EXERCISE PROMPT:
Each entry in the material below should be copied without any alteration.

PROVIDED MATERIAL:

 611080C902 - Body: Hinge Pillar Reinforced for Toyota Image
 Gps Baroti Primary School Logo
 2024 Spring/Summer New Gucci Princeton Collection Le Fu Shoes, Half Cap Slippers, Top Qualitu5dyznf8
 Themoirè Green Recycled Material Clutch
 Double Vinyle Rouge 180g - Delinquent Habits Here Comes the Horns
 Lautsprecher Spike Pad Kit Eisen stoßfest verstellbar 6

OUTPUT OF THE EXERCISE:
 611080C902 - Body: Hinge Pillar Reinforced for Toyota Image
 Gps Baroti Primary School Logo
 2024 Spring/Summer New Gucci Princeton Collection Le Fu Shoes, Half Cap Slippers, Top Qualitu5dyznf8
 Themoirè Green Recycled Material Clutch
 Double Vinyle Rouge 180g - Delinquent Habits Here Comes the Horns
 Lautsprecher Spike Pad Kit Eisen stoßfest verstellbar 6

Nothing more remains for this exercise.